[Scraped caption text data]
-*-*-

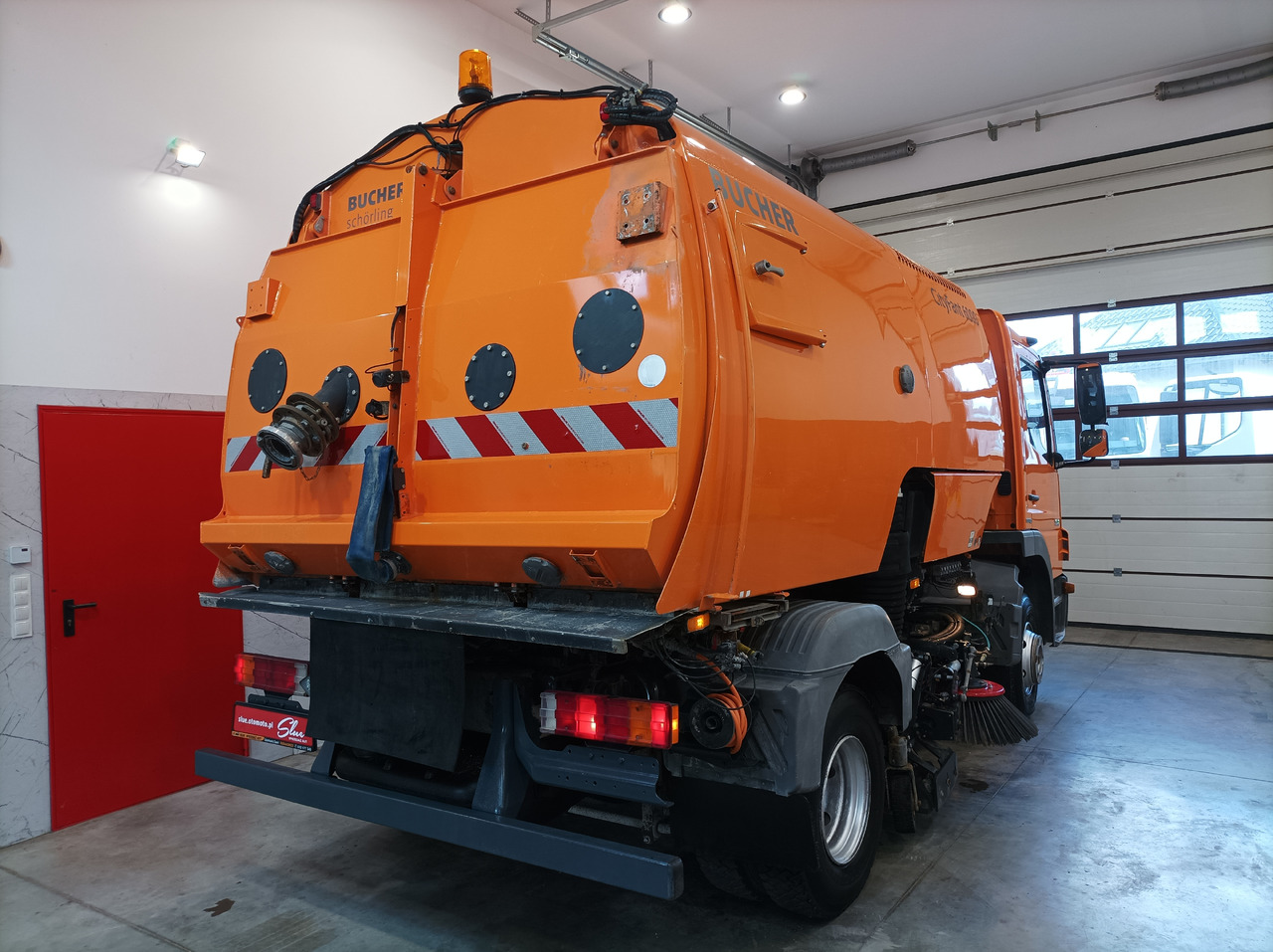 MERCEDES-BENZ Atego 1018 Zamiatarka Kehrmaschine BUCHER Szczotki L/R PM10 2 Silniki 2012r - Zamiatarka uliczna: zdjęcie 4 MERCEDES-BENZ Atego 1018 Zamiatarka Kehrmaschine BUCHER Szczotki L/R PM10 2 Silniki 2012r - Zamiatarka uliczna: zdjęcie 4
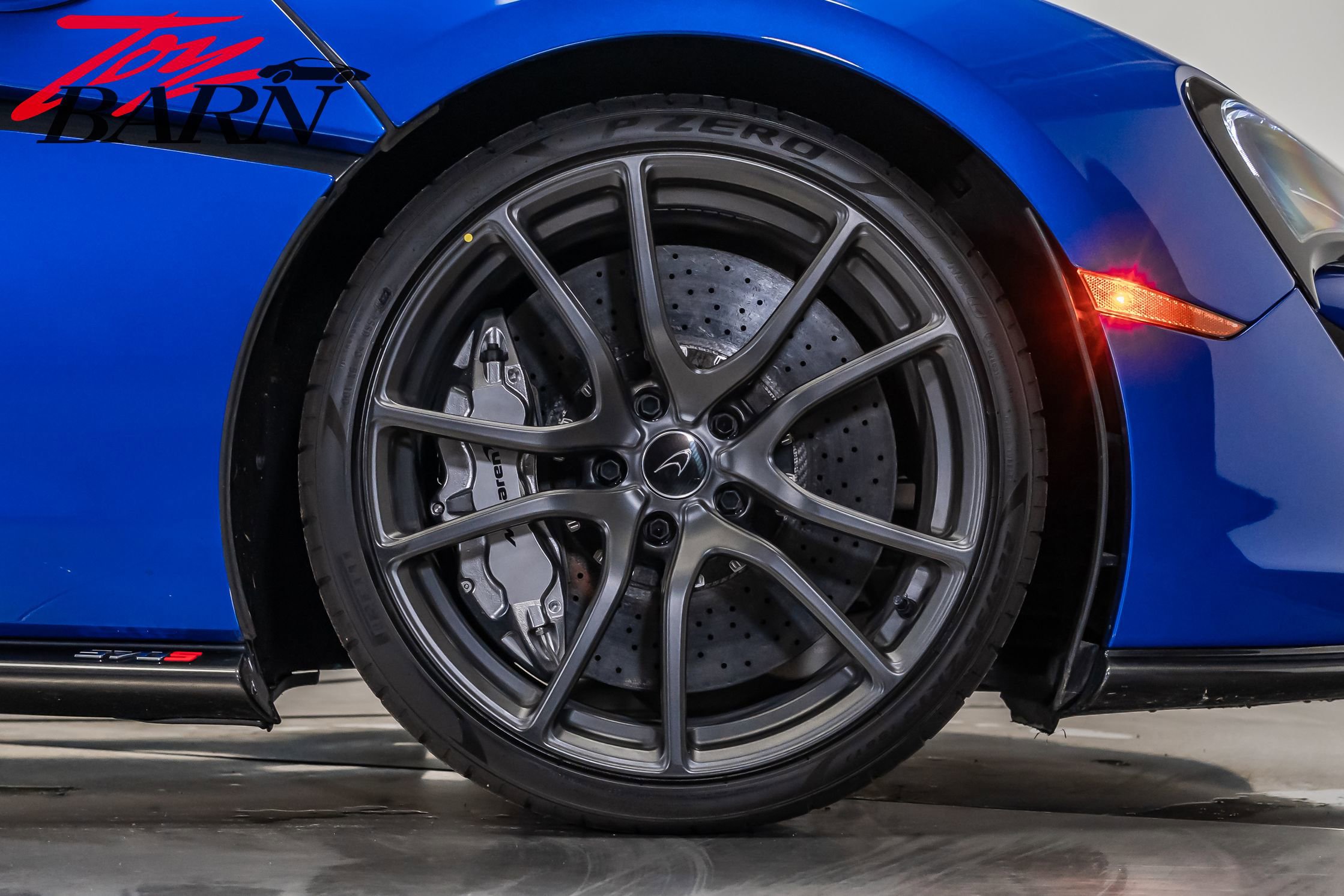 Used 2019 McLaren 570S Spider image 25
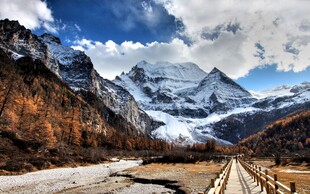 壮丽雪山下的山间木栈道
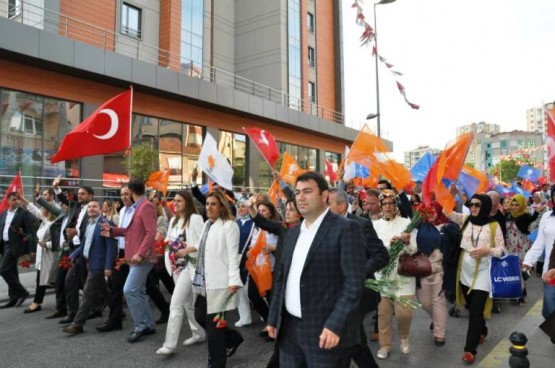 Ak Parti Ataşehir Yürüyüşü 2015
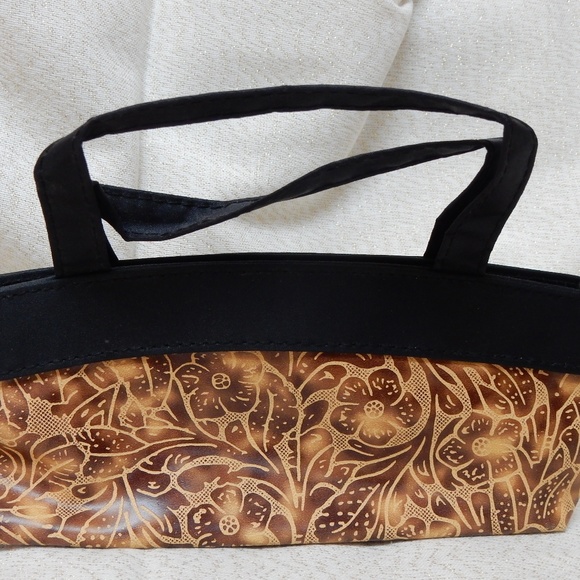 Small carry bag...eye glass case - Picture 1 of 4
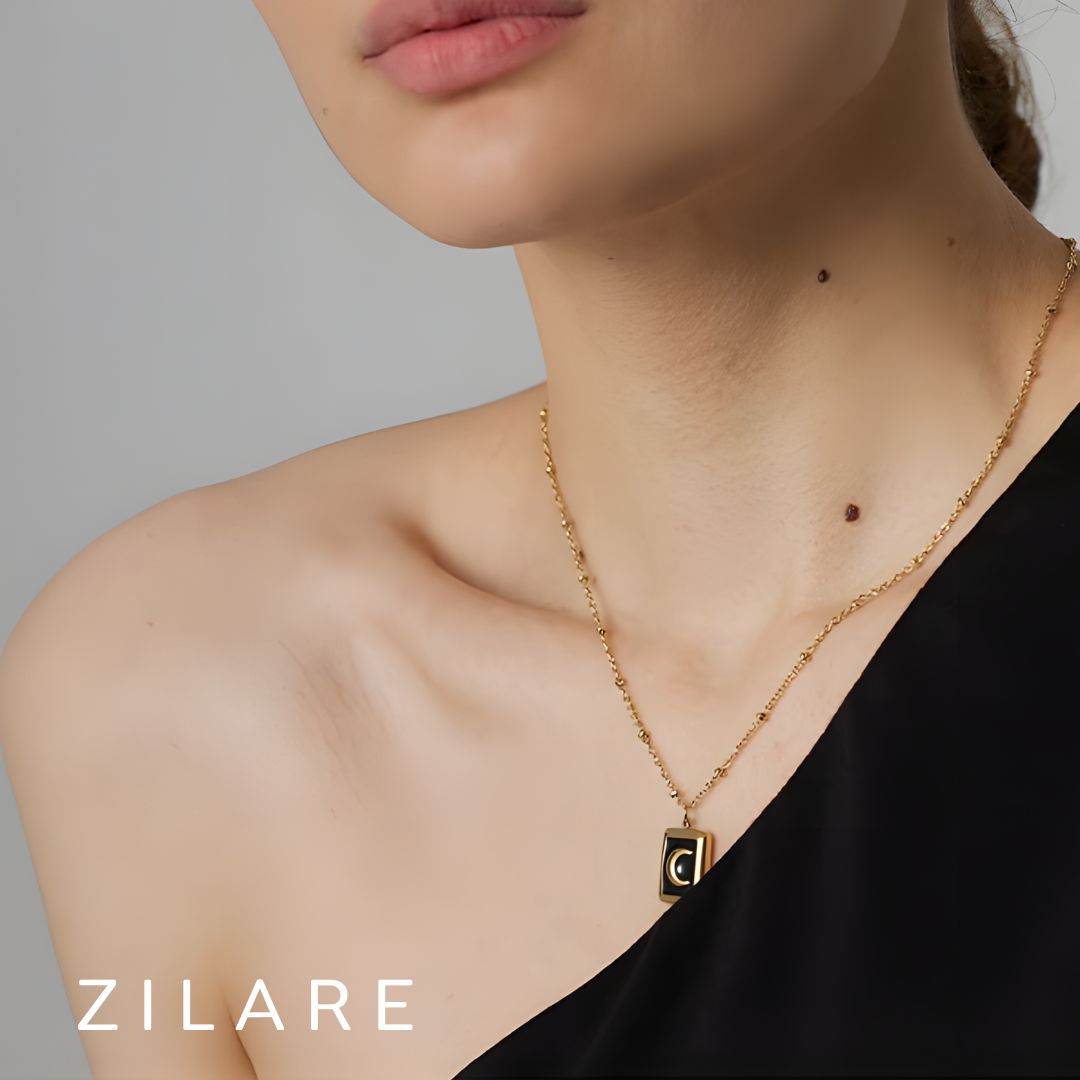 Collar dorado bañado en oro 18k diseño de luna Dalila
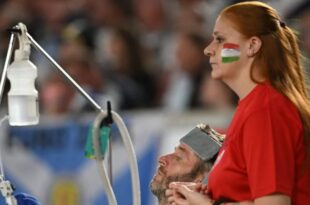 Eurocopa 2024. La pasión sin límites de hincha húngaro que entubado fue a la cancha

-*-*-

Where an entry contains an image, skip the image and write out the rest exactly.

## SOLUTION FOR THIS PROBLEM
 MERCEDES-BENZ Atego 1018 Zamiatarka Kehrmaschine BUCHER Szczotki L/R PM10 2 Silniki 2012r - Zamiatarka uliczna: zdjęcie 4 MERCEDES-BENZ Atego 1018 Zamiatarka Kehrmaschine BUCHER Szczotki L/R PM10 2 Silniki 2012r - Zamiatarka uliczna: zdjęcie 4
 Used 2019 McLaren 570S Spider image 25
 壮丽雪山下的山间木栈道
 Ak Parti Ataşehir Yürüyüşü 2015
 Small carry bag...eye glass case - Picture 1 of 4
 Collar dorado bañado en oro 18k diseño de luna Dalila
 Eurocopa 2024. La pasión sin límites de hincha húngaro que entubado fue a la cancha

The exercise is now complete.